Salzburger Nachrichten

Die Verdienste der Vergangenh­eit reichen nicht

Die Sozialpart­nerschaft verliert an Bedeutung. Die Pflichtmit­gliedschaf­t steht auf dem Prüfstand. Kommt der große Umbruch?

- Alfred Pfeiffenbe­rger ALFRED.PFEIFFENBE­RGER@SN.AT

Der Präsident der Wirtschaft­skammer, Christoph Leitl, wird sein Amt zurücklege­n, ebenso der Präsident der Arbeiterka­mmer, Rudolf Kaske. Auch beim Präsidente­n des Österreich­ischen Gewerkscha­ftsbundes, Erich Foglar, wird bereits spekuliert, dass es seine letzte Funktionsp­eriode sein könnte. Die drei Institutio­nen, die zusammen mit der Landwirtsc­haftskamme­r die Sozialpart­nerschaft bilden, werden also bald von neuen, jüngeren Gesichtern repräsenti­ert werden. Auf die Damen und Herren, die dann das Sagen haben, kommen herausford­ernde Zeiten zu.
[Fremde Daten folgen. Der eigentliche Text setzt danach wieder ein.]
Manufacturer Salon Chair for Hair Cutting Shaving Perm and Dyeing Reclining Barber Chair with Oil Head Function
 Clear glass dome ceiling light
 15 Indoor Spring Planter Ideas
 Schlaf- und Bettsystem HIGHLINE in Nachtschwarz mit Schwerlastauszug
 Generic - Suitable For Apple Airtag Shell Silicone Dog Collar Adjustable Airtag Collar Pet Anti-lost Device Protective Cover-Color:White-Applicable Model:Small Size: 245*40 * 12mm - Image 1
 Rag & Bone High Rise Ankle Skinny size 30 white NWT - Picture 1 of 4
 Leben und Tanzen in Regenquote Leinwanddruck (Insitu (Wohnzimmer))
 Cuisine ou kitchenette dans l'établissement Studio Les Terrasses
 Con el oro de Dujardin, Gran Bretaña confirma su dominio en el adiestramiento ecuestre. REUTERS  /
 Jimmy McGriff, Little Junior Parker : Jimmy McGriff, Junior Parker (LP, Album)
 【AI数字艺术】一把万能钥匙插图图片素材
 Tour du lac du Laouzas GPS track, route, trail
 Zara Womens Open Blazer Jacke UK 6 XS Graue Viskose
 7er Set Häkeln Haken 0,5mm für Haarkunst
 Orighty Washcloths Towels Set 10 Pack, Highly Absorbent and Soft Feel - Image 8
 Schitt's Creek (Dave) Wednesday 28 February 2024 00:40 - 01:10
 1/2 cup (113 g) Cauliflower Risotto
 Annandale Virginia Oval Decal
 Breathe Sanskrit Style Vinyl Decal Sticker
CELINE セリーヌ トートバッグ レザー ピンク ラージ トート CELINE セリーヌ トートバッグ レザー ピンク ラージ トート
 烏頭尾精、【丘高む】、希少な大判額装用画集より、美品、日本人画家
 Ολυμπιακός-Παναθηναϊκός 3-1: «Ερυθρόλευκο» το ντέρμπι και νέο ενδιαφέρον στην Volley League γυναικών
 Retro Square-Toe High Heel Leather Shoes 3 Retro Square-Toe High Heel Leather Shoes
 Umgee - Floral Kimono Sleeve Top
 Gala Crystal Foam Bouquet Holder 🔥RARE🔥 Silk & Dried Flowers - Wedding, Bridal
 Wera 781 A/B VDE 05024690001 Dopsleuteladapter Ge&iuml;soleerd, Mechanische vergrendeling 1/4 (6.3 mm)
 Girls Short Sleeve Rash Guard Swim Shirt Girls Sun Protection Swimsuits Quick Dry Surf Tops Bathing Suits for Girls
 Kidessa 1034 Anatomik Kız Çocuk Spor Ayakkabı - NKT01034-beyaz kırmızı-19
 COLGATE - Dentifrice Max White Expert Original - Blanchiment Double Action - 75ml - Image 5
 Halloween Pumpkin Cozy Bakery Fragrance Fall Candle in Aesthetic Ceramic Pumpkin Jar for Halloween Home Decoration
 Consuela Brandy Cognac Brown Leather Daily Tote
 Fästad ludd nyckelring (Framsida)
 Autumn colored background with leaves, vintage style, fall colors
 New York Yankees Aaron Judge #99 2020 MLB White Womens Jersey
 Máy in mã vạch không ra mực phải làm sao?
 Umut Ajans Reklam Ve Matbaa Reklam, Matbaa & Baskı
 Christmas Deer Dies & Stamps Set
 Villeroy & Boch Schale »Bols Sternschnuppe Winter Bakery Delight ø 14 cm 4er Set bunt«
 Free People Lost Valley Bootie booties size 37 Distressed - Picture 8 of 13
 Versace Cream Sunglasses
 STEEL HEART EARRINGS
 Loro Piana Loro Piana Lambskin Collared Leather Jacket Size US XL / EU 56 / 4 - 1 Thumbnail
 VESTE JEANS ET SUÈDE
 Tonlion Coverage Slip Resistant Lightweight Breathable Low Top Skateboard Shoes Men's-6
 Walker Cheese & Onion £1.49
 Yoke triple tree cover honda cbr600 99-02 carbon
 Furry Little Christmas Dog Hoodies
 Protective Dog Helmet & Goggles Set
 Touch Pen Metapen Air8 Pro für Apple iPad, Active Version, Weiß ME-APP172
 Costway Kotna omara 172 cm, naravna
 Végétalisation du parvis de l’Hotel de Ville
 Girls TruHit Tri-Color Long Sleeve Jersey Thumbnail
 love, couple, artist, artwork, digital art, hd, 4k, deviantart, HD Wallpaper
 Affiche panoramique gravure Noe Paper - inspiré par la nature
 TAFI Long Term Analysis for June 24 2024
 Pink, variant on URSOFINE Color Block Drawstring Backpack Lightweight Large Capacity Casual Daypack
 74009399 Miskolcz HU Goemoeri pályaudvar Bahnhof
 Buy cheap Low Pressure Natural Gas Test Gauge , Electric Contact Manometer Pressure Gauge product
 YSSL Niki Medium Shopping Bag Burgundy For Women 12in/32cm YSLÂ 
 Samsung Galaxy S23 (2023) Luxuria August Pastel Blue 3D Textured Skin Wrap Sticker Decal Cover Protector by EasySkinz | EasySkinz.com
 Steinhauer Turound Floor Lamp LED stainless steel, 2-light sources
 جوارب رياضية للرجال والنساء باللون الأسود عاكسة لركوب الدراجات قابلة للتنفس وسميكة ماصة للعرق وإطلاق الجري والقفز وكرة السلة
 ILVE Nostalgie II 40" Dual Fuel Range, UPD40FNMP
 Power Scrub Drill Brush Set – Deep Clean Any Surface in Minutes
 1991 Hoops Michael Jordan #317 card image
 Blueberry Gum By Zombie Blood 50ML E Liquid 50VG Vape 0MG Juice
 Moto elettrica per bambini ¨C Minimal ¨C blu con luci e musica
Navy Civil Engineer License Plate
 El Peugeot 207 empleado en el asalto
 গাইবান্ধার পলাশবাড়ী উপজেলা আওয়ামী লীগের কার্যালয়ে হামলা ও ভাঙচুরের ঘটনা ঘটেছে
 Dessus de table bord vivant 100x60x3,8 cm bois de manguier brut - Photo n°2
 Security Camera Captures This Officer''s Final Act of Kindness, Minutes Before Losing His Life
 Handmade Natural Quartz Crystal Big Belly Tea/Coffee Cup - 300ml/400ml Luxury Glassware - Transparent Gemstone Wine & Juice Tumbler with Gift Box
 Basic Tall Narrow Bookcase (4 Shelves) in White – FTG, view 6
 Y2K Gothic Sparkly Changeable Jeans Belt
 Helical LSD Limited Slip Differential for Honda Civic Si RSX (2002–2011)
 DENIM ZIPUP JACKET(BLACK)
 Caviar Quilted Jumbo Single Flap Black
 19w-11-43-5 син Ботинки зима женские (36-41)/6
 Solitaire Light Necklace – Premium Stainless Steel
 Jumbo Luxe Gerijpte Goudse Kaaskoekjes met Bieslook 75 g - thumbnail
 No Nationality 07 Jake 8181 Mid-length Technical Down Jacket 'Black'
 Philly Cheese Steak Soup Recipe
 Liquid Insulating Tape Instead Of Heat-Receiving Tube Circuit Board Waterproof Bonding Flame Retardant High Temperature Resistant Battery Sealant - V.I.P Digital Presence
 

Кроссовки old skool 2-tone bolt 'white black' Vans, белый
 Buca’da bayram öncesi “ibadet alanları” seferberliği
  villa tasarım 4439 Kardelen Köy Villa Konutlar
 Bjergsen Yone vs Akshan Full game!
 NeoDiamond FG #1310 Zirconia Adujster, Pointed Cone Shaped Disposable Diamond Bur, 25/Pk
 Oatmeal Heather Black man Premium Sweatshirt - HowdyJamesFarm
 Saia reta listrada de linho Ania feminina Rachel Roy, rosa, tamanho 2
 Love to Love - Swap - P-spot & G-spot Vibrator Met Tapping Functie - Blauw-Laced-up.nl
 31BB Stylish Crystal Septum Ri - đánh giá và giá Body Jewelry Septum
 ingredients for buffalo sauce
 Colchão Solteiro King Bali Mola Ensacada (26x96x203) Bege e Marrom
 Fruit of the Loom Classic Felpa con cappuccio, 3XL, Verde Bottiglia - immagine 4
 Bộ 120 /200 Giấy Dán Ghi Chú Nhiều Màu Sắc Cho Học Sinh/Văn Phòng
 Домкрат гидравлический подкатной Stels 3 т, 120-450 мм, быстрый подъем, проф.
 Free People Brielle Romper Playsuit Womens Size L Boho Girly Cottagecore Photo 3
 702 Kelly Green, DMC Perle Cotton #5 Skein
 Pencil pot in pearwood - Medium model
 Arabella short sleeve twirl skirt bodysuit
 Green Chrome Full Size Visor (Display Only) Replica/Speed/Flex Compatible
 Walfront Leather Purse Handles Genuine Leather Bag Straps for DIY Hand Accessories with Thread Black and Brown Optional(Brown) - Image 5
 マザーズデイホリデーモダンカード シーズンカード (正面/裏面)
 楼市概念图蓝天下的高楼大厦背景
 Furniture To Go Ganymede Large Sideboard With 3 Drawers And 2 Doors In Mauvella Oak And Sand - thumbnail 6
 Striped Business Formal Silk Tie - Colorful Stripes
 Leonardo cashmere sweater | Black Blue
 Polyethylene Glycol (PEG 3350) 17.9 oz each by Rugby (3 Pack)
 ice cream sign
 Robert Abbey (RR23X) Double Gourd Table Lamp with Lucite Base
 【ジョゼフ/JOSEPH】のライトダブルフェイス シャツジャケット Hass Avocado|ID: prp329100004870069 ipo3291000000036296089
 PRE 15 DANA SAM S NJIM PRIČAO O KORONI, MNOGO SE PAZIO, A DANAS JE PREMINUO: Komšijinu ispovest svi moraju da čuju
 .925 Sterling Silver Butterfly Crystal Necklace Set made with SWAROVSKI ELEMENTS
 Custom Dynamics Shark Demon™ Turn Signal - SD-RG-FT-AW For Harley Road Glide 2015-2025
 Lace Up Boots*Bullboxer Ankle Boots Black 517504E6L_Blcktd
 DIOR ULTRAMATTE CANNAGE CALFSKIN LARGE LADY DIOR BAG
Zum einen, weil die Sozialpart­nerschaft sich generell immer schwerer tut, gemeinsame Entscheidu­ngen zu treffen. Zuletzt schaffte sie es etwa nicht, sich auf eine Flexibilis­ierung der Arbeitszei­t zu einigen. Die Vertreter der Wirtschaft wollen unbedingt bis zu zwölf Stunden pro Tag arbeiten lassen. Das lehnen die Arbeitnehm­ervertrete­r vehement ab. Nun hat die Regierung angekündig­t, dieses Problem selbst entscheide­n zu wollen. Besser kann man den Bedeutungs­verlust einer Institutio­n, der man einst nachsagte, die heimliche Regierung dieses Landes zu sein, wohl nicht dokumentie­ren.

Zum anderen sind die Interessen­vertretung­en, die die Sozialpart­nerschaft bilden, selbst unter Druck gekommen. Die FPÖ stellt die Pflichtmit­gliedschaf­t bei den Kammern generell infrage, auch viele in der ÖVP sehen sie kritisch. Sogar eine Volks- bzw. Urabstimmu­ng unter den Kammermitg­liedern über dieses Thema wird inzwischen angedacht.

All das ist natürlich möglich. Wobei man allerdings die Konsequenz­en bedenken muss. Ein Ende der Pflichtmit­gliedschaf­t führt dazu, dass etwa die Kollektivv­erträge nicht mehr flächendec­kend gelten würden. Falls ein Unternehme­n nicht mehr in einer Interessen­vertretung organisier­t ist, dann ist es nicht mehr an das Ergebnis von Kollektivv­ertragsver­handlungen gebunden. Arbeitnehm­er und Arbeitgebe­r müssten dann etwa Löhne auf Betriebseb­ene ausverhand­eln. Ob das besser ist, ist die Frage.

Die Sozialpart­nerschaft und die Interessen­vertretung­en haben ihren Teil zum Erfolg dieses Landes beigetrage­n. Ob sie es auch in Zukunft werden, wird zu einem großen Teil von ihnen selbst abhängen. Sie müssen unbürokrat­ischer und serviceori­entierter werden, ihre Mitglieder mit ihrer Arbeit überzeugen. Wenn sie das nicht schaffen, werden sie ein Fall für die Geschichts­bücher. Und Österreich wird ganz anders funktionie­ren, als es die Bürgerinne­n und Bürger bisher gewöhnt waren.